- [Data]
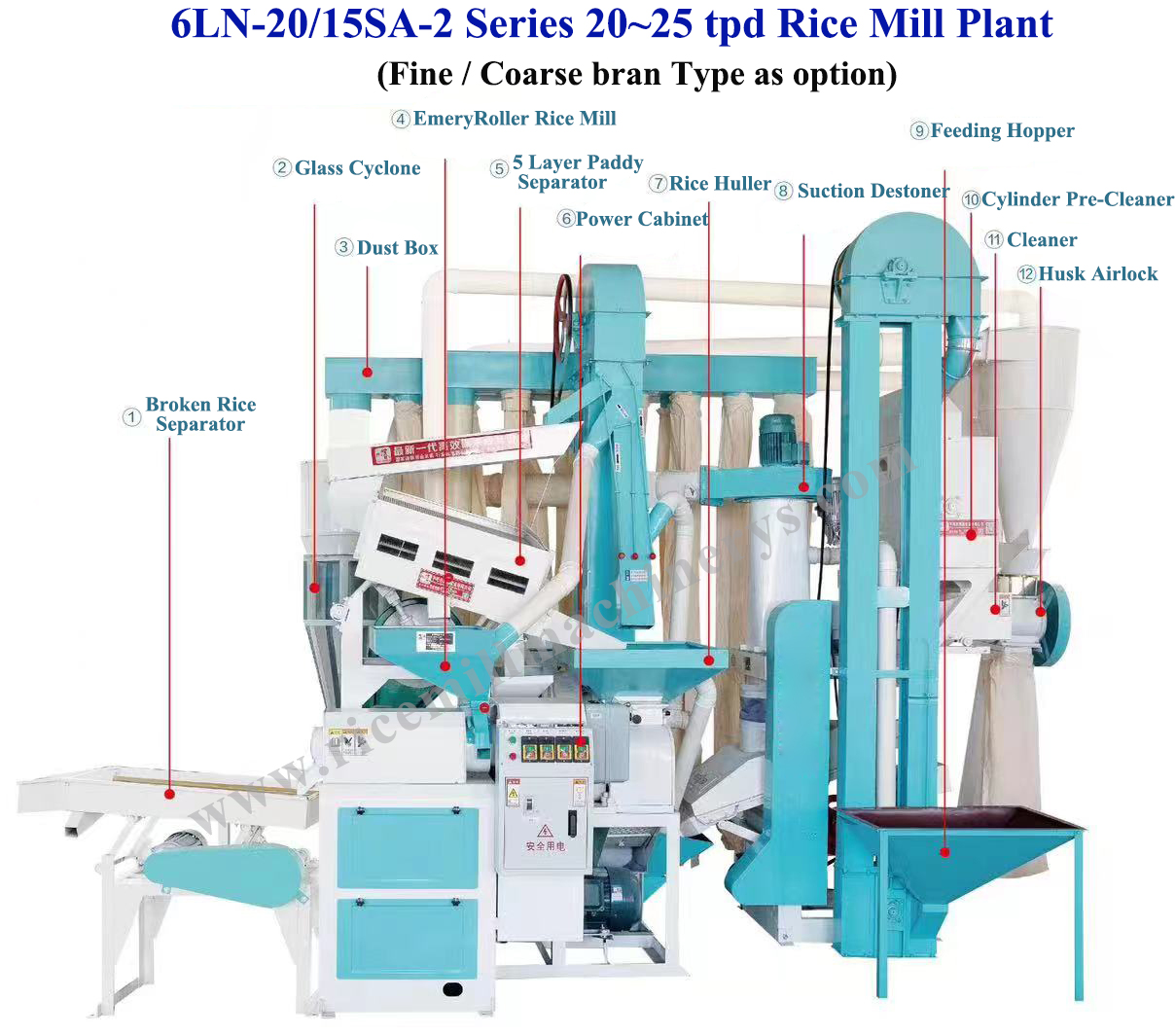 Combined Rice Mill Machine 6LN-18/15SF-2 Turnkey Solution for 15-20 tpd Production Capacity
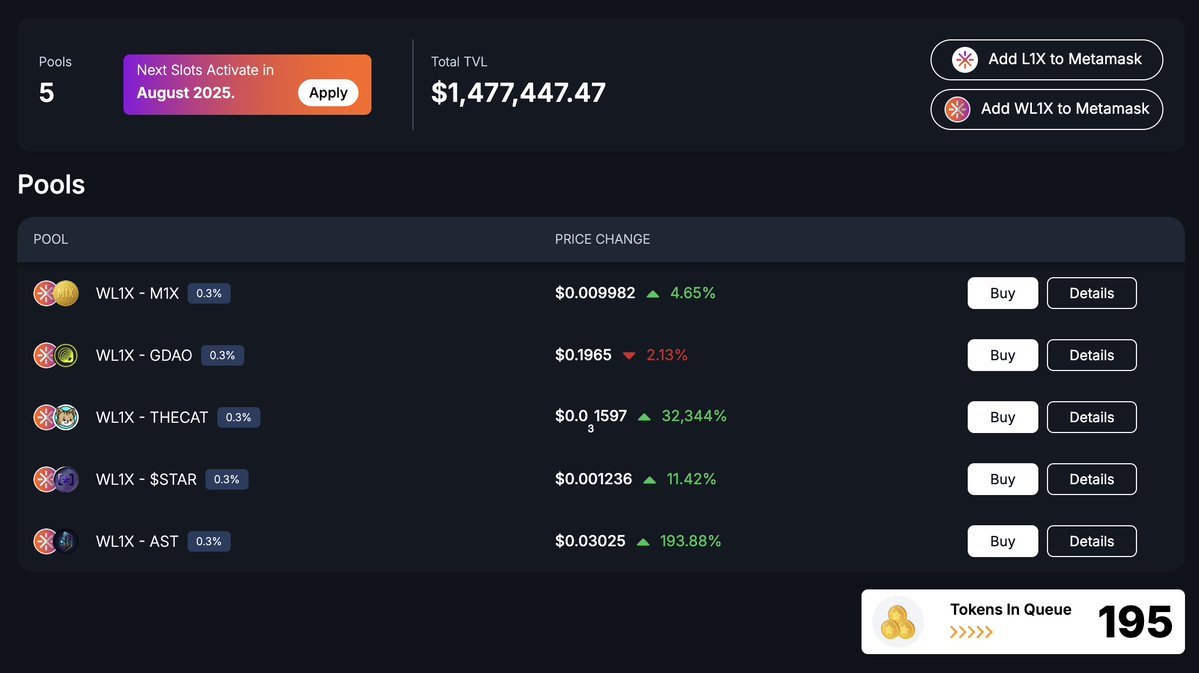 LayerOneX's tweet image. 🚀 Quantum DeX launched just 6 weeks ago (June 4) and here is what has already been achieved

✅ 5 projects listed with most trading above listing price
📈 $1.47M plus in TVL
👥 40 percent of users are brand new to Quantum DeX

How?
• Strong community
• Zero interest…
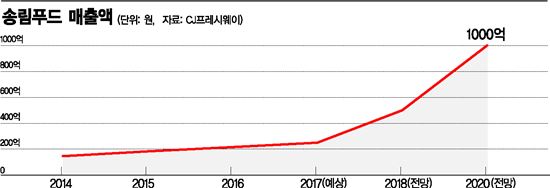 이재현의 '월드베스트 CJ'…소스공장 계속 짓는다 "2020년 매출 1000억 목표"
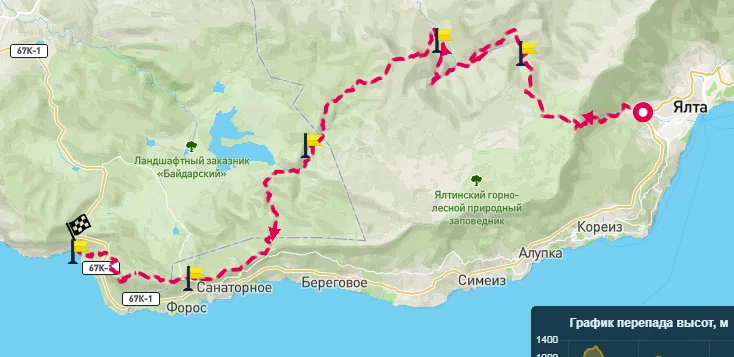 Пеший туризм по крыму маршруты
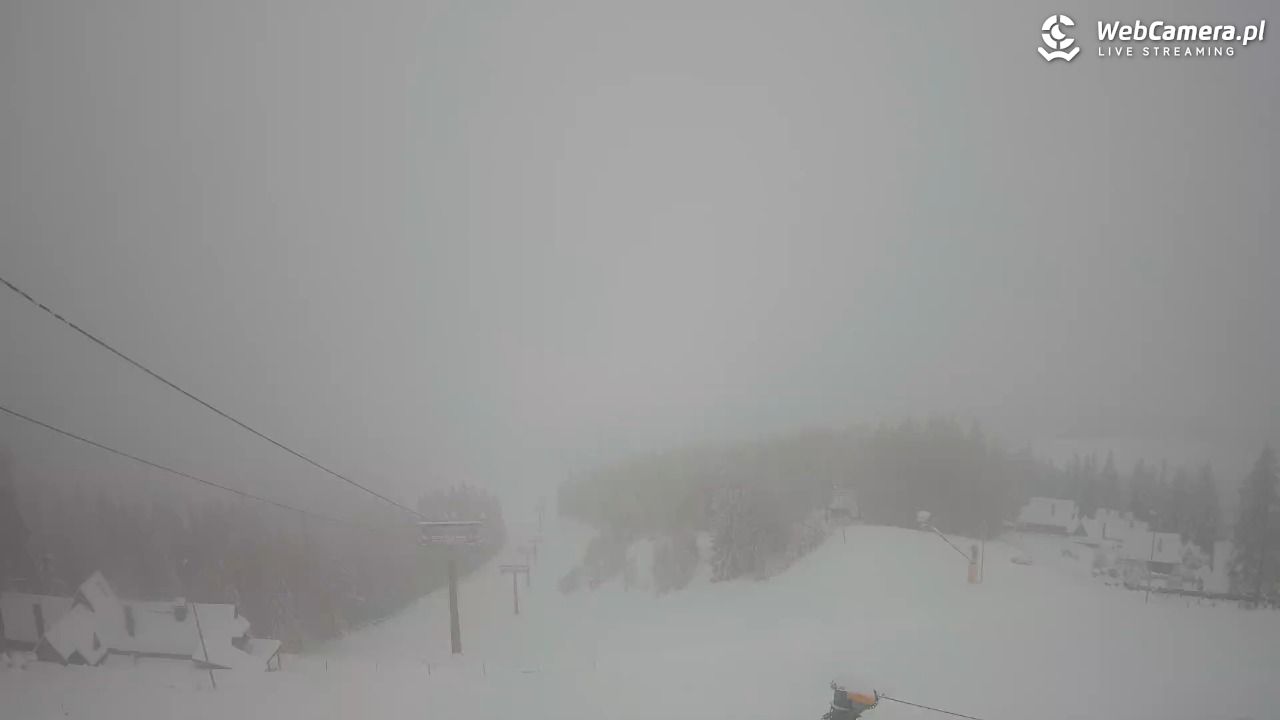 Polana Szymoszkowa - 28 marzec 2026, 06:04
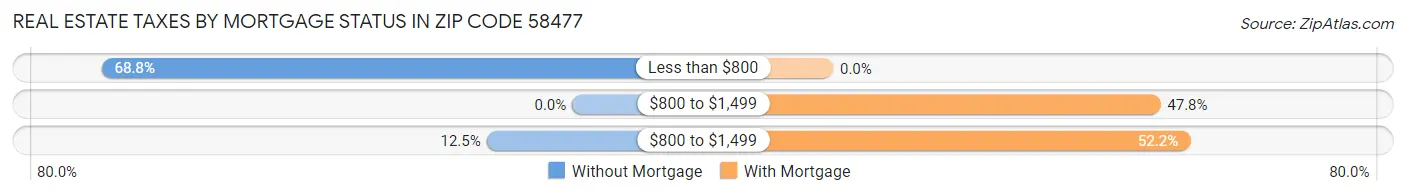 Real Estate Taxes by Mortgage Status in Zip Code 58477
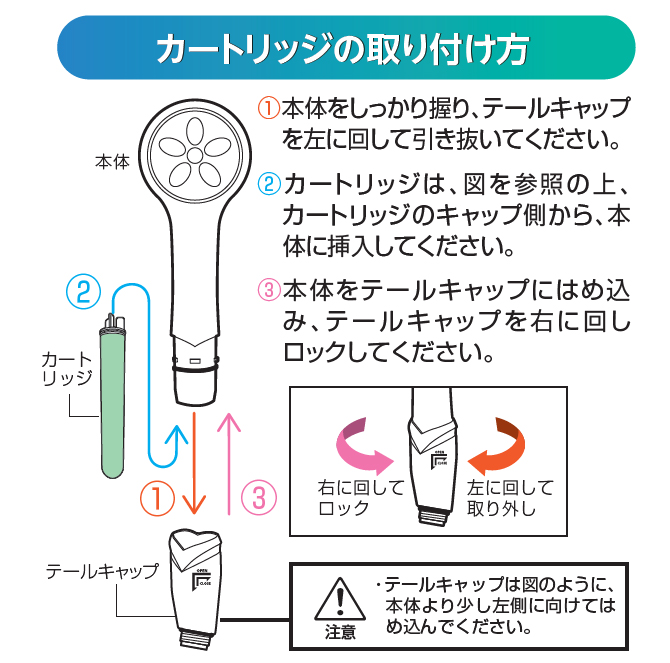 取り付け、取り外しも簡単！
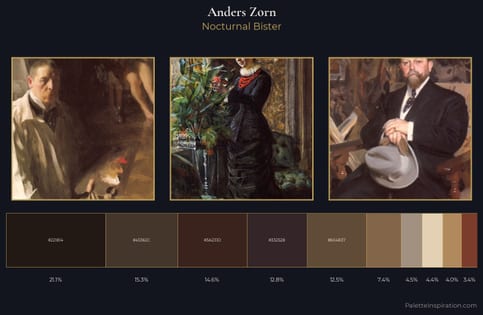 Anders Zorn Palette 11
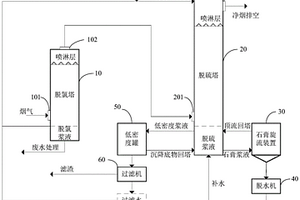 烟气氯硫脱除设备和方法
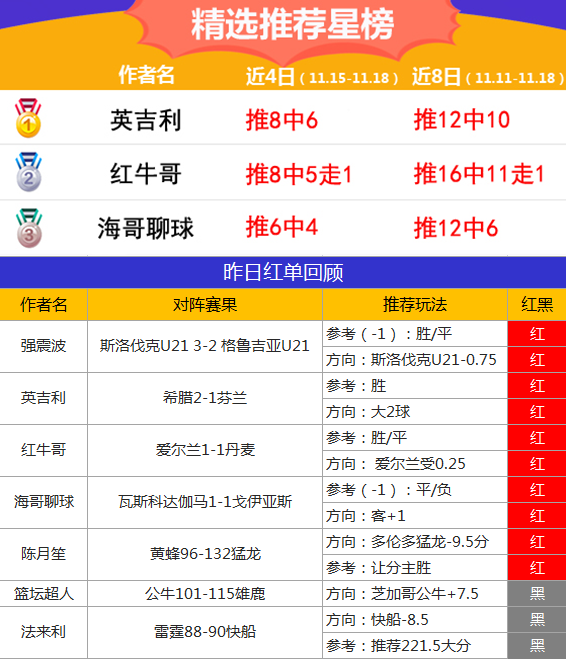 18日推荐汇总：英吉利胜率达83% 专题3作者方案全中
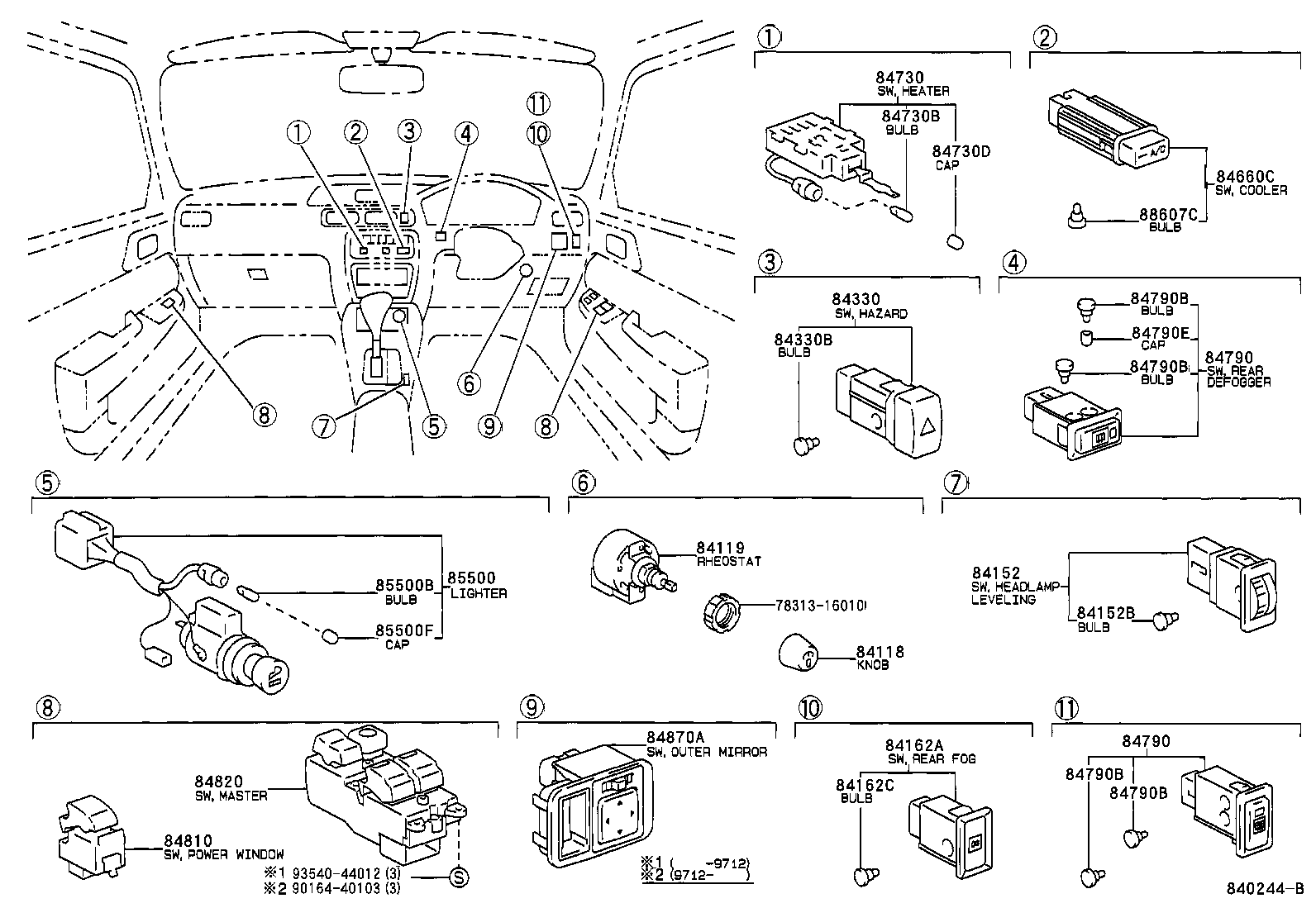 Switch & Relay & Computer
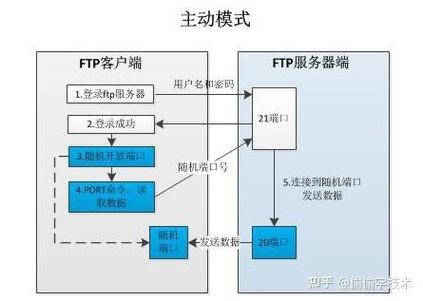ftp服务器搭建设计-图2 ftp服务器搭建设计-图2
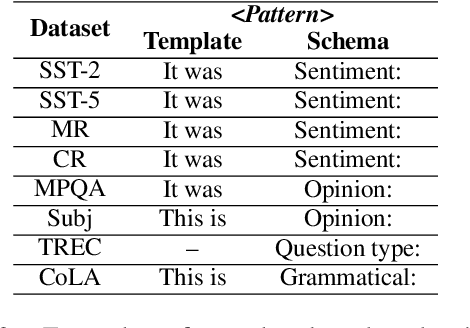 Figure 2 for Do Prompts Solve NLP Tasks Using Natural Language?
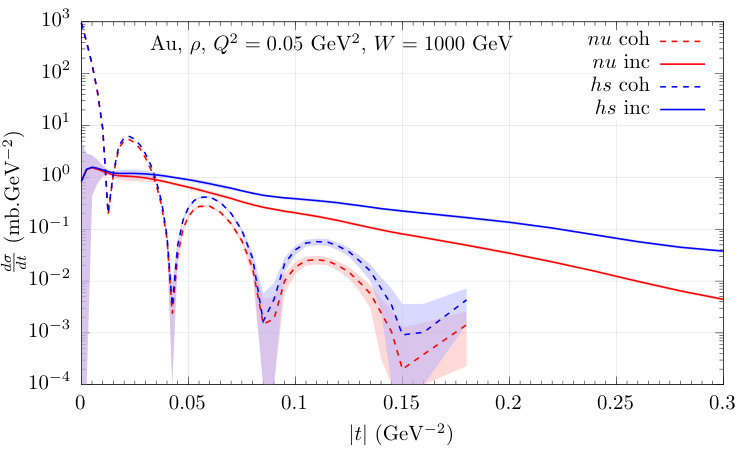 Figure 30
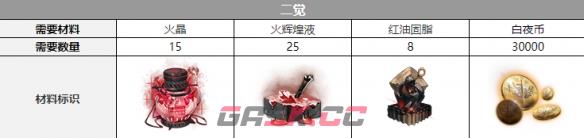 《白夜极光》黑潮觉醒材料一览-第3张-手游攻略-GASK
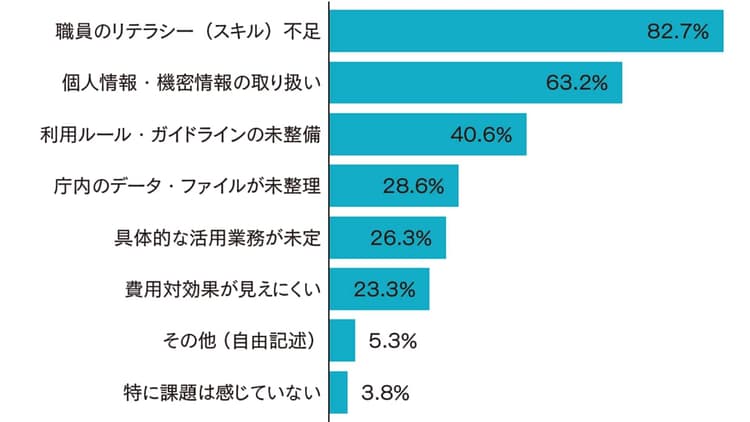 自治体の生成AI活用に関する実態調査 導入進むも、課題は文書管理に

- [Problem to work on] None of the pictures belong in the copy. Write out exactly the lines from the line that holds "Polana Szymoszkowa - 28 marzec 2026, 06:04" through the last line of the listing above, both ends included.

- [Written answer]
 Polana Szymoszkowa - 28 marzec 2026, 06:04
 Real Estate Taxes by Mortgage Status in Zip Code 58477
 取り付け、取り外しも簡単！
 Anders Zorn Palette 11
 烟气氯硫脱除设备和方法
 18日推荐汇总：英吉利胜率达83% 专题3作者方案全中
 Switch & Relay & Computer
ftp服务器搭建设计-图2 ftp服务器搭建设计-图2
 Figure 2 for Do Prompts Solve NLP Tasks Using Natural Language?
 Figure 30
 《白夜极光》黑潮觉醒材料一览-第3张-手游攻略-GASK
 自治体の生成AI活用に関する実態調査 導入進むも、課題は文書管理に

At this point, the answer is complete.